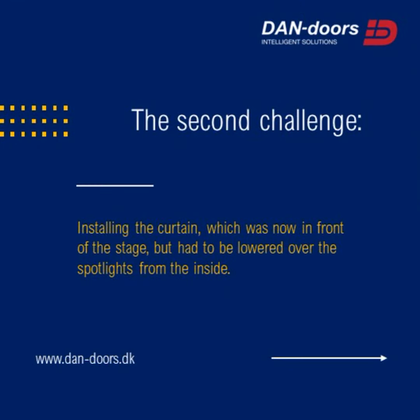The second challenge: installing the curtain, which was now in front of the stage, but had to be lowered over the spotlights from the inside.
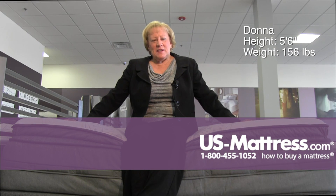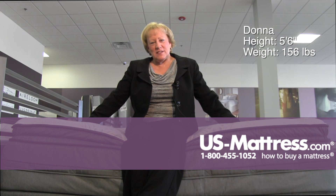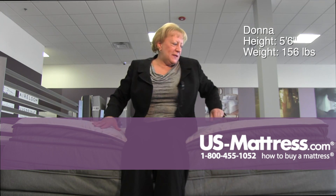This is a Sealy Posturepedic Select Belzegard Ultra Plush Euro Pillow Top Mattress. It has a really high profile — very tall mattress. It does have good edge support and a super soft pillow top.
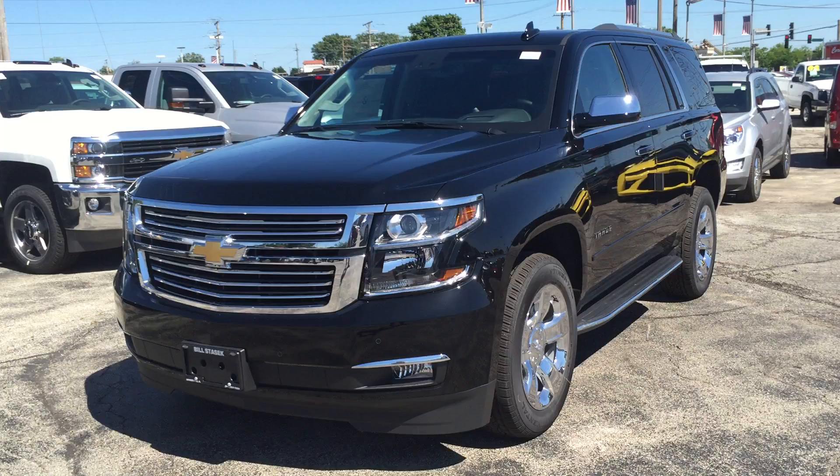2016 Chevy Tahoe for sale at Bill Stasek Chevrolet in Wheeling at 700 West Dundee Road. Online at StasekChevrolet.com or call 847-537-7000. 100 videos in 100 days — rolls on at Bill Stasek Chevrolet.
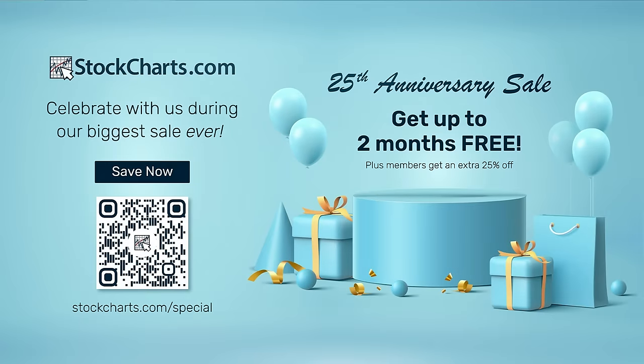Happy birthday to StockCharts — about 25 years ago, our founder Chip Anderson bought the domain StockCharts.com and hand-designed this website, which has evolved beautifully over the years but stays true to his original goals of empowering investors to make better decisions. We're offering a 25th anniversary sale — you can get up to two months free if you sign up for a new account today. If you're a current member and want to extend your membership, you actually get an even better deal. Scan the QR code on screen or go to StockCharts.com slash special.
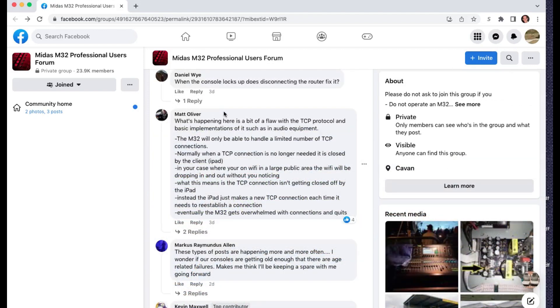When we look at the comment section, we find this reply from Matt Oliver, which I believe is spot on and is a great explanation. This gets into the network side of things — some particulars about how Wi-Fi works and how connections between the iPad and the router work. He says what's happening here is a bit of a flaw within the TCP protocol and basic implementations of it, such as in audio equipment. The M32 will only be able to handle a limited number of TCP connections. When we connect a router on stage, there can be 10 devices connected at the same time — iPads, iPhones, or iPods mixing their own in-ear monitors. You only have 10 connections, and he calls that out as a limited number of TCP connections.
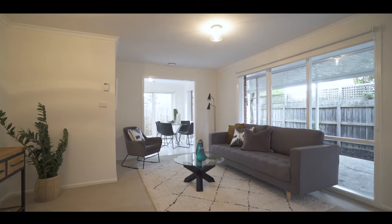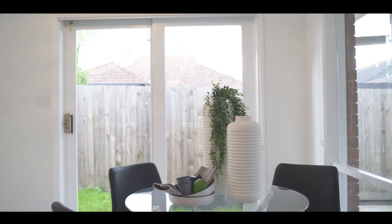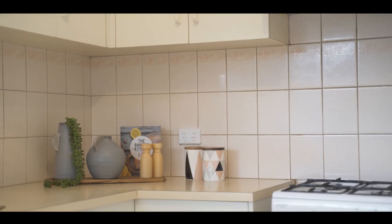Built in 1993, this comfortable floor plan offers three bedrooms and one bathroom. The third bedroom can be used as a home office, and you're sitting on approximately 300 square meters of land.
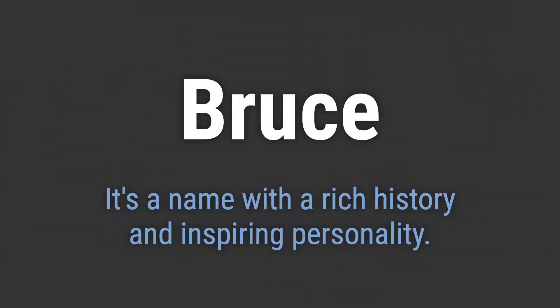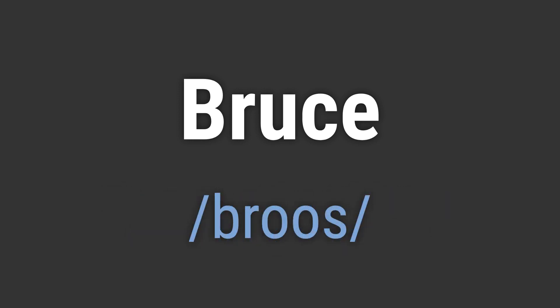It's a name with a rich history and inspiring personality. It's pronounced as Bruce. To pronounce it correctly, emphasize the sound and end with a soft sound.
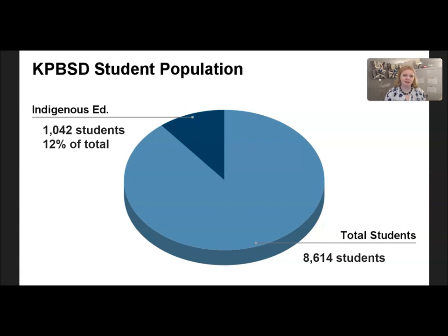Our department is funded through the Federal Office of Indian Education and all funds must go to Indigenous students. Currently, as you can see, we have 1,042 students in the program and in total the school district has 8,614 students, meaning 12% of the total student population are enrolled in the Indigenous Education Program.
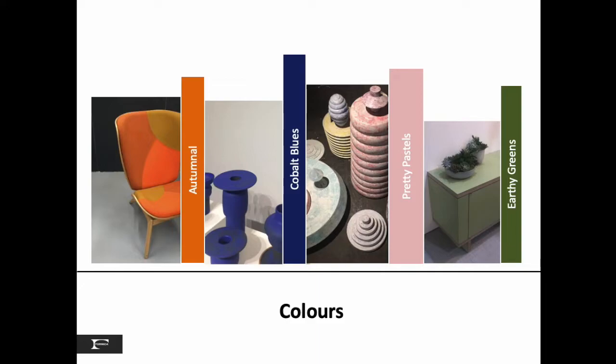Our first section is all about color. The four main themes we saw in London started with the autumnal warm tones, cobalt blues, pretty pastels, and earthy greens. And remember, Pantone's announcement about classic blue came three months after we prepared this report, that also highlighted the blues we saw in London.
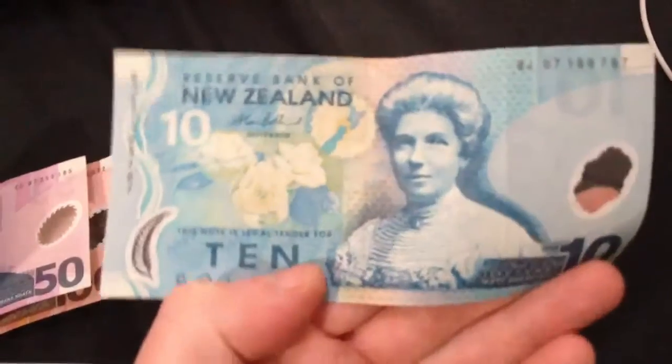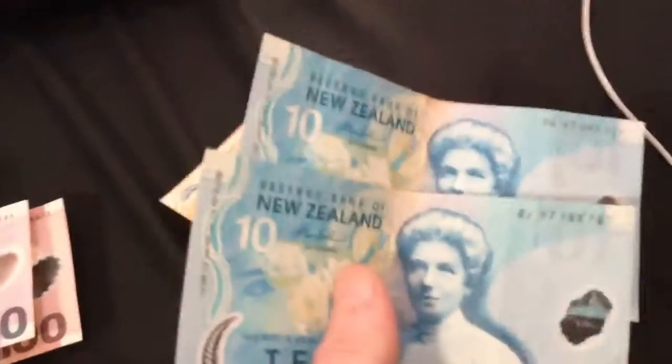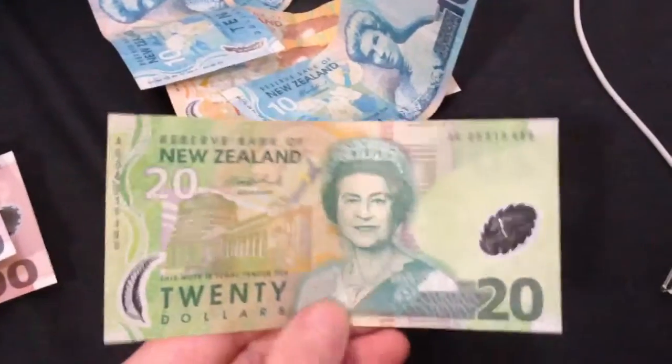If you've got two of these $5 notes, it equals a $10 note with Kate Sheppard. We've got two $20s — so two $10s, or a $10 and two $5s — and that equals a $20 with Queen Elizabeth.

********

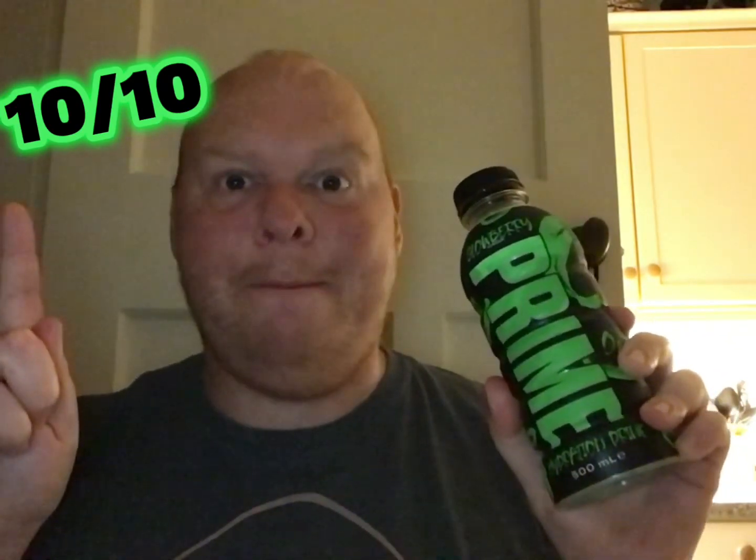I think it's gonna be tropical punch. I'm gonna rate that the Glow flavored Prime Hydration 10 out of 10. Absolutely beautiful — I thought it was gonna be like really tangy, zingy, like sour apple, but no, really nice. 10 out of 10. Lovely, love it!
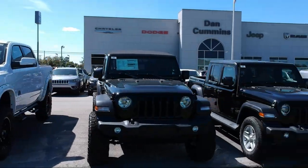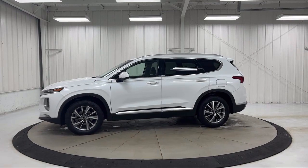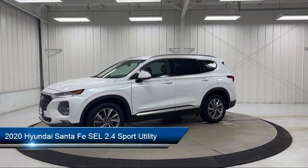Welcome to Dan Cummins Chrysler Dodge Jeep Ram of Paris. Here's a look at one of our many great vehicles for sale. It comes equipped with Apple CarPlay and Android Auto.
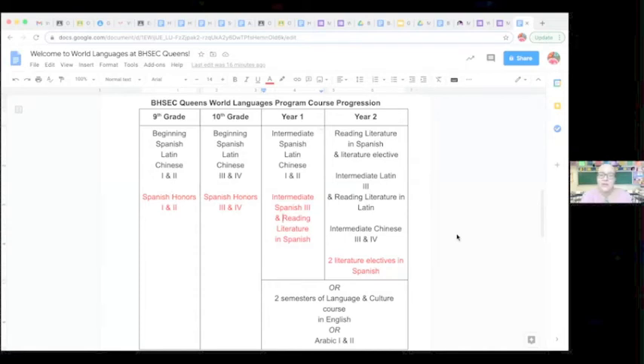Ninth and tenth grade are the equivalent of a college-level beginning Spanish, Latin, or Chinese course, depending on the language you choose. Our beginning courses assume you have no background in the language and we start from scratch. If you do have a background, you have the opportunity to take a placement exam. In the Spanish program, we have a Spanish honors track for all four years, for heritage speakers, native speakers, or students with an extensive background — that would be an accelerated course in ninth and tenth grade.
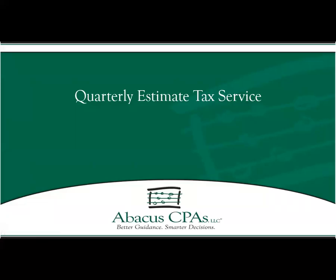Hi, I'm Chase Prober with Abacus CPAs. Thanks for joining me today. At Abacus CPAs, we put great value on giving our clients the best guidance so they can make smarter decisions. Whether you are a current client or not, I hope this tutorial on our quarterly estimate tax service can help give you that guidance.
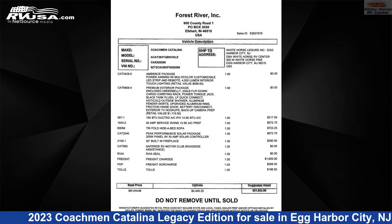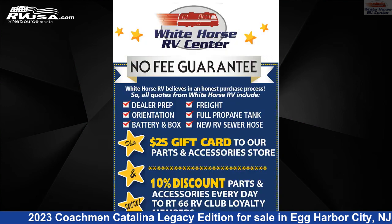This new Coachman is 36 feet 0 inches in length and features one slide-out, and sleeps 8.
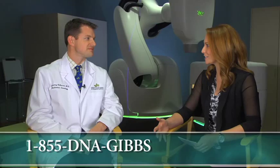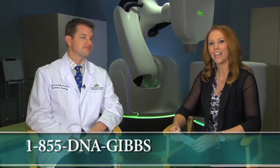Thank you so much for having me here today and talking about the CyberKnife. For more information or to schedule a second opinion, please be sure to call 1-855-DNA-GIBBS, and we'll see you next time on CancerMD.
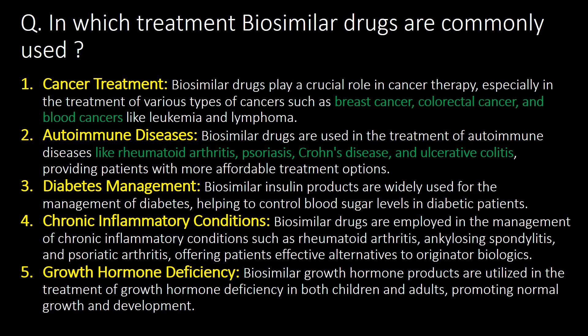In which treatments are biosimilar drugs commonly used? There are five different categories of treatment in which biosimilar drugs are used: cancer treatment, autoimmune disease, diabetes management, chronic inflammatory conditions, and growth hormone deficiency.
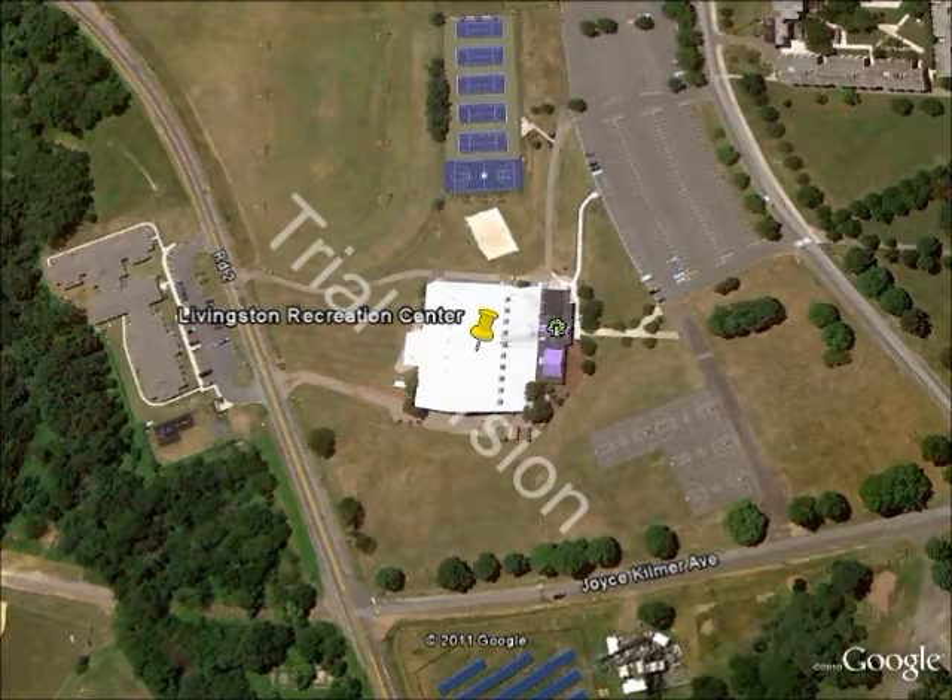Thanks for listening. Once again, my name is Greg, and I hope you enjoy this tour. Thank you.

********

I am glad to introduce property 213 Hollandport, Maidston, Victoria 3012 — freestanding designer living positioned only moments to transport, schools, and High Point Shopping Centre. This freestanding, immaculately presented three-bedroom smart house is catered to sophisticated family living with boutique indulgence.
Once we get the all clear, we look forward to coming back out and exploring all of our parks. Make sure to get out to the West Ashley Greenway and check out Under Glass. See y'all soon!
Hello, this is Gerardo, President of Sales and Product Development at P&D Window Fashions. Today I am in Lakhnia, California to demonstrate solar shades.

********

* ACTION ITEM *
Transcribe, from the material above, the stretch starting at the line with "This new Coachman" and ending at the line with "Thanks for listening.", both included, exactly. Do not carry over pictures.

* OUTPUT OF THE EXERCISE *
This new Coachman is 36 feet 0 inches in length and features one slide-out, and sleeps 8.
Thank you so much for having me here today and talking about the CyberKnife. For more information or to schedule a second opinion, please be sure to call 1-855-DNA-GIBBS, and we'll see you next time on CancerMD.
In which treatments are biosimilar drugs commonly used? There are five different categories of treatment in which biosimilar drugs are used: cancer treatment, autoimmune disease, diabetes management, chronic inflammatory conditions, and growth hormone deficiency.
Thanks for listening. Once again, my name is Greg, and I hope you enjoy this tour. Thank you.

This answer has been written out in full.